Data follows below. Repeat exactly the lines between the line holding "PARAGOLPES TRASERO PEUGEOT 308" and the line holding "Psg Esports Jalin", inclusive, and nothing more; drop pictures.

Source material
-=-=-=-=-
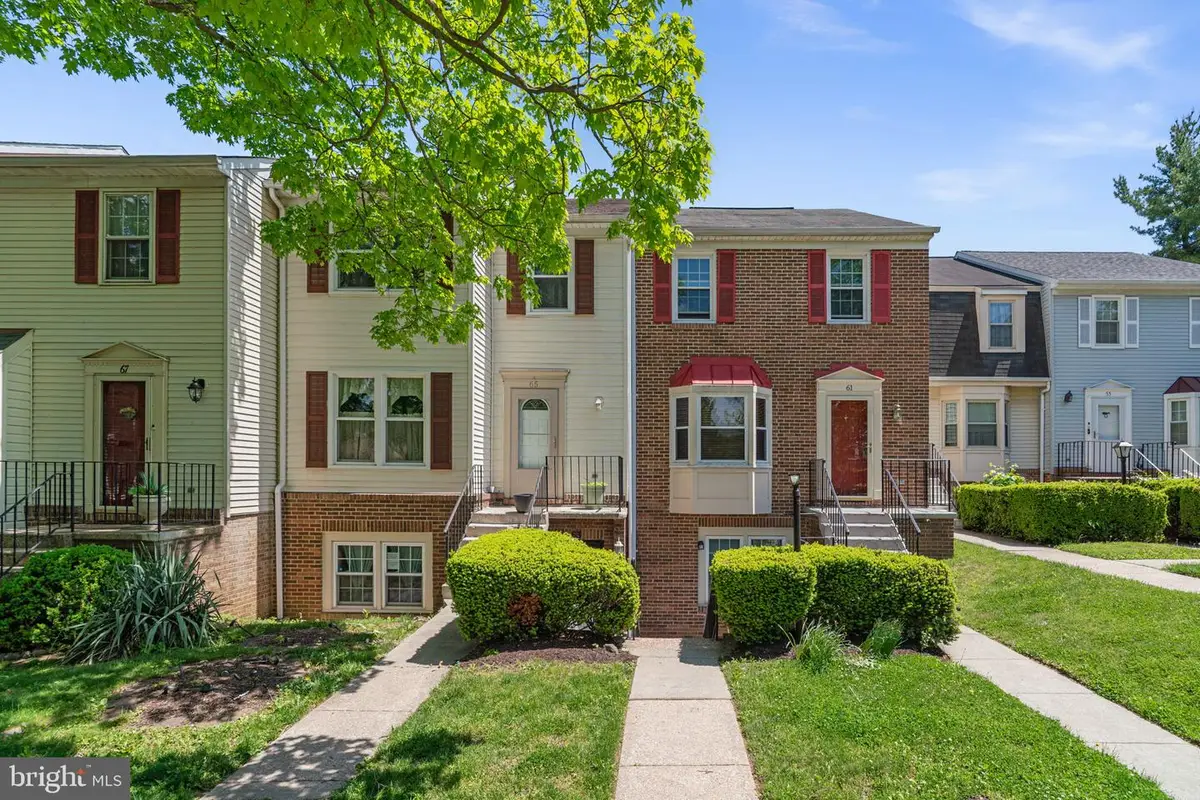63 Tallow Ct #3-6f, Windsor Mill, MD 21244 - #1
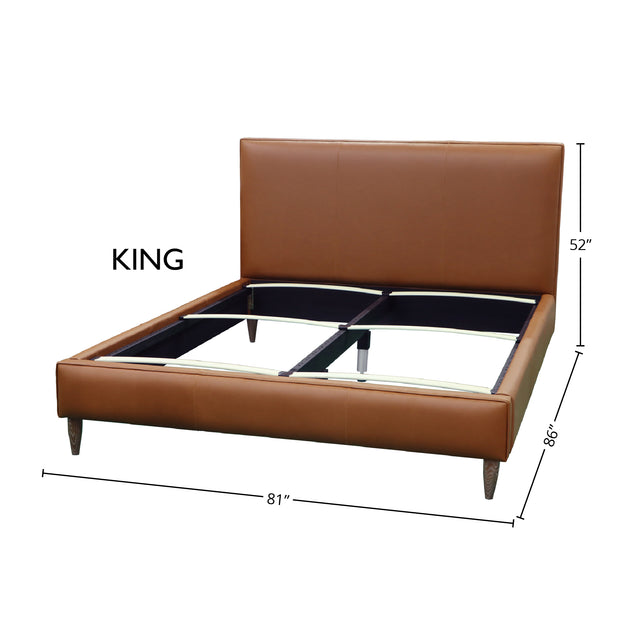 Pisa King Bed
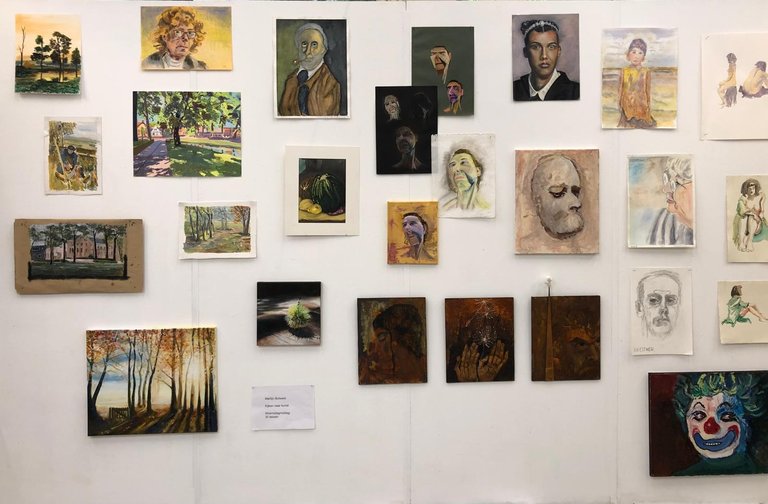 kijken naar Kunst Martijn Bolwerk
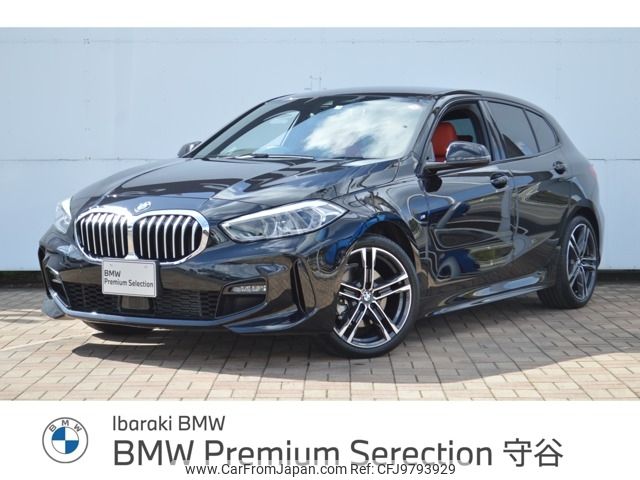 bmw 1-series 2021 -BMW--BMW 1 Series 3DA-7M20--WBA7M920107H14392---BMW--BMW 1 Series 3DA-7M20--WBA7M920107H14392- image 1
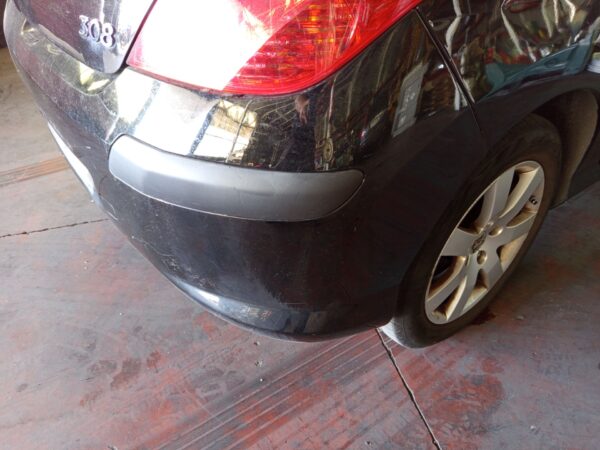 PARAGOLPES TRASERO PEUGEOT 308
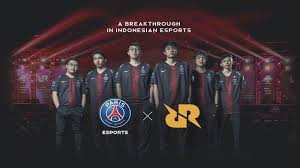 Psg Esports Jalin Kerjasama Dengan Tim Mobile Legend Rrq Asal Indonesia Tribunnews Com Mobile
-=-=-=-=-
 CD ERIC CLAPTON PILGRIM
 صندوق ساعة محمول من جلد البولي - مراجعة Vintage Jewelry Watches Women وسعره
-=-=-=-=-
Written response
 PARAGOLPES TRASERO PEUGEOT 308
 Psg Esports Jalin Kerjasama Dengan Tim Mobile Legend Rrq Asal Indonesia Tribunnews Com Mobile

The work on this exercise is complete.